CIS RAM maps each question in the Risk Assessment Method to a specific CIS Control or Safeguard. It helps organizations put the CIS Controls into action in a customized, risk-informed way.

Our resources are also referenced by PCI DSS, NIST CSF, and other compliance frameworks.

View Mappings and Compliance

With so many risk management methods out there, what makes CIS RAM different?

The three principles and 10 practices of CIS RAM lend themselves to supporting the legal concept of duty of care. In fact, CIS RAM is the first risk assessment method to provide very specific instructions for analyzing information security risk in a way that regulators define as “reasonable” and that court cases in the United States have deemed to be “due care.”

By implementing CIS RAM, organizations will follow a method that takes into consideration legal ramifications of risk management, as interpreted by courts of law in the United States. CIS RAM highlights the balance between the harm a security incident might cause and the burden of safeguards – the foundation of “reasonableness.”

Is achieving the “spirit of compliance” enough?
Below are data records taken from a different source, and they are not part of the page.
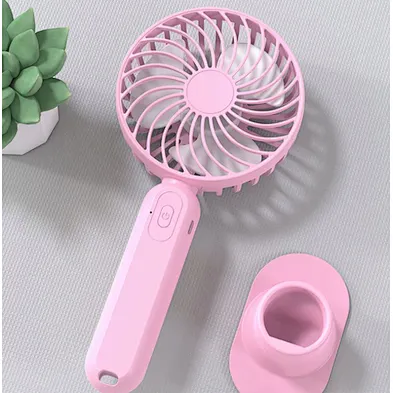 JEDI Rechargeable Mini Stand Fans Office Portable Handheld USB Table Top Fan with Phone Holder Base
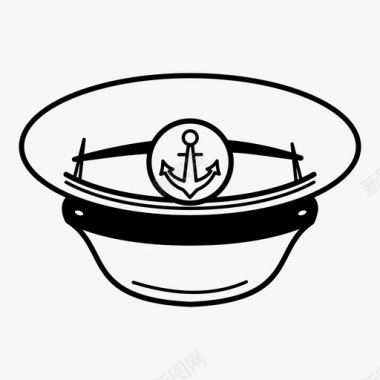 水手帽划船帽船长图标图标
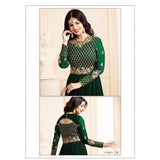 17001-B GREEN GLOSSY SIMAR HEAVY EMBROIDERED ANARKALI STYLE GOWN - Asian Party Wear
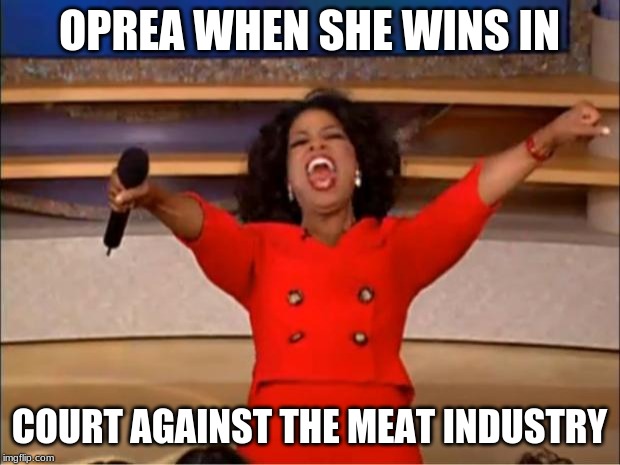 Oprah You Get A | OPREA WHEN SHE WINS IN; COURT AGAINST THE MEAT INDUSTRY | image tagged in memes,oprah you get a | made w/ Imgflip meme maker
It’s hard to say. In our experience, some auditors are more concerned with following the letter of whatever framework they work with (such as PCI DSS, NIST CSF, or HIPAA) than with the spirit of that framework.
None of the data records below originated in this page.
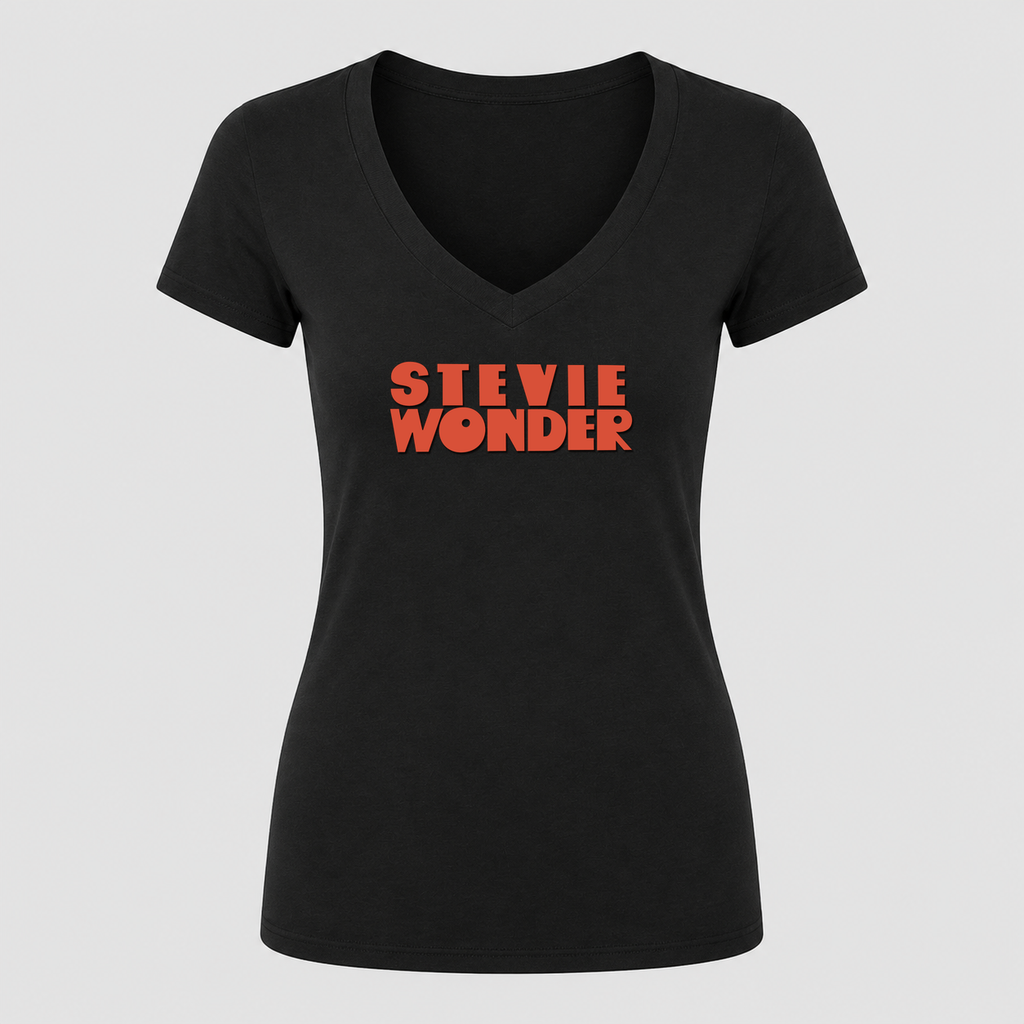 Women's Stevie Wonder V Neck T-Shirt in black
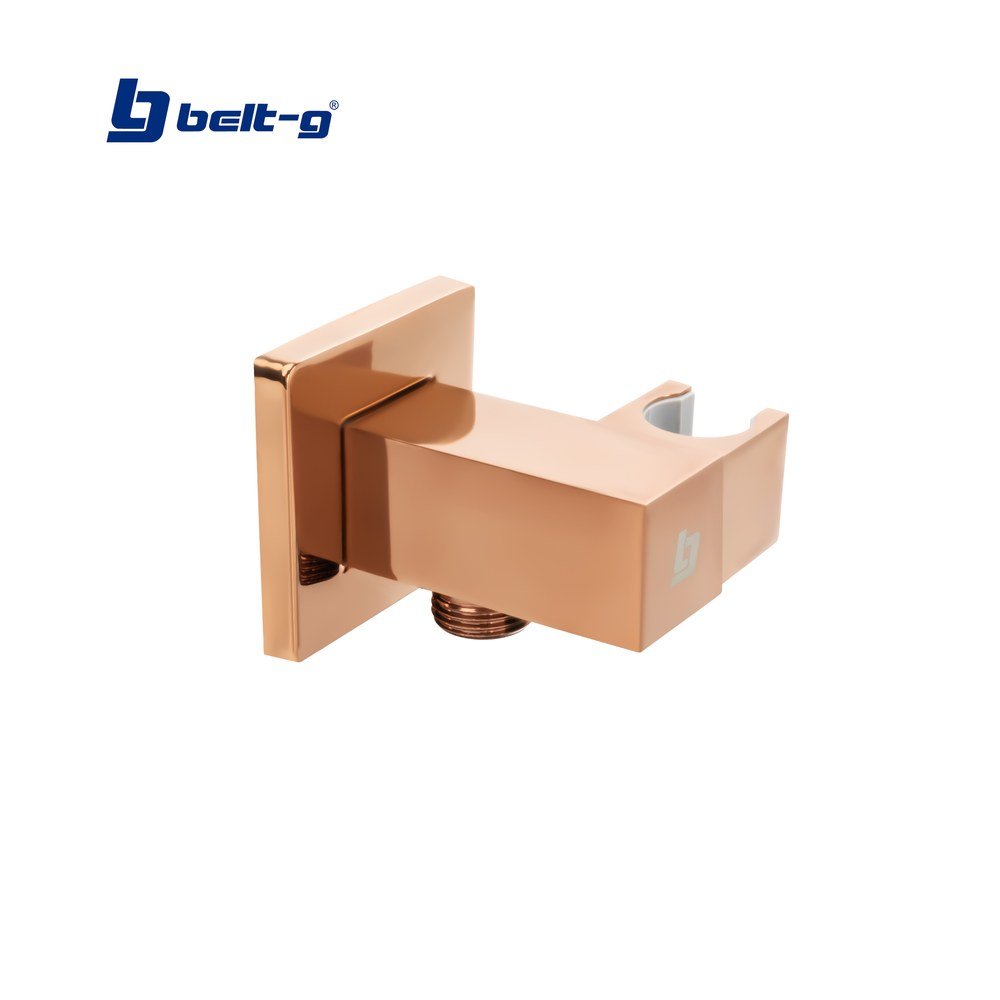 Belt-G Toma de Agua Cuadrada con Soporte Rose Gold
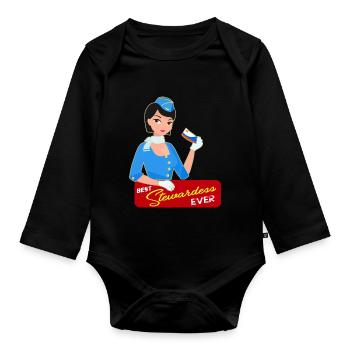 Hôtesse de l'air cadeau - Body Bébé bio manches longues - noir - Devant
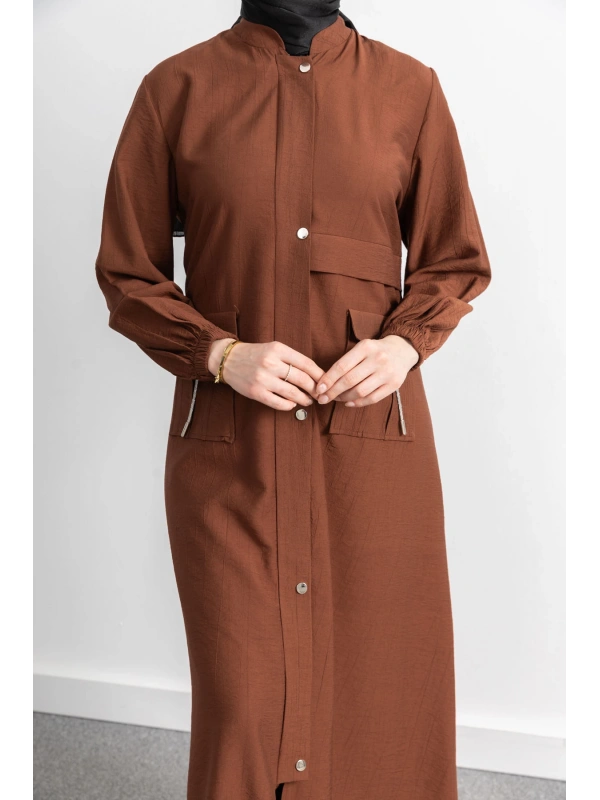 ÇIT ÇIT DETAYLI DİK YAKA SPOR FERACE - KAHVE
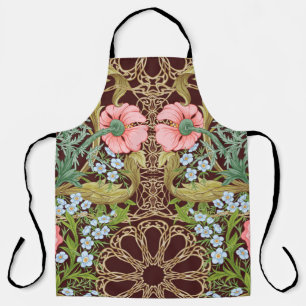 Art Nouveau stijl Floral: gekleurd  patroon Schort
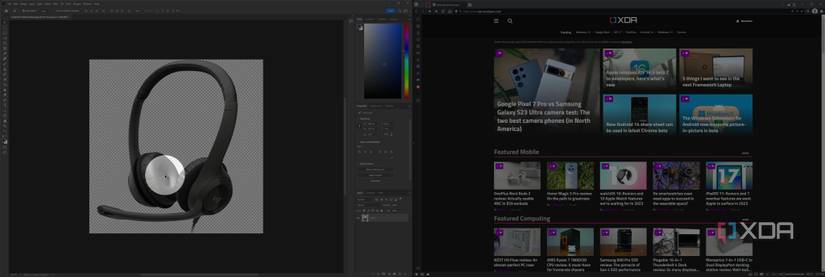 Screenshot of two Windows apps with a highlight area around the mouse cursor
Our best advice? Document your method. For example, if the CIS Controls are your security roadmap, use CIS RAM as your risk assessment method. CIS RAM will help you determine which CIS Controls make business sense and then prioritize accordingly. In this example, the CIS Controls plus CIS RAM would help you document (and demonstrate) due care.

Compliance is a journey

Achieving full compliance to any cybersecurity standard is a challenge, but it’s a goal well worth striving for. With free, consensus-developed resources, CIS helps make the challenge a little easier.

Adam Montville

Chief Product Architect, Center for Internet Security (CIS)



Adam Montville is Chief Architect for Security Best Practices at CIS, where he helps lead a diverse team responsible for developing products and services supporting information security best practices and automation. Adam brings more than two decades of information security experience to his team, and actively participates in several standards organizations, including the Internet Engineering Task Force, OASIS, and the Center for Threat-Informed Defense. He also serves as a member of the Project Governing Board for the Open Cybersecurity Alliance. Adam began his career in the Information Security Laboratory of Oregon State University, his alma mater, working on cryptographic primitives and algorithms. He has held a variety of technical and executive-level IT and security positions in both the public and private sectors, including the Department of Defense.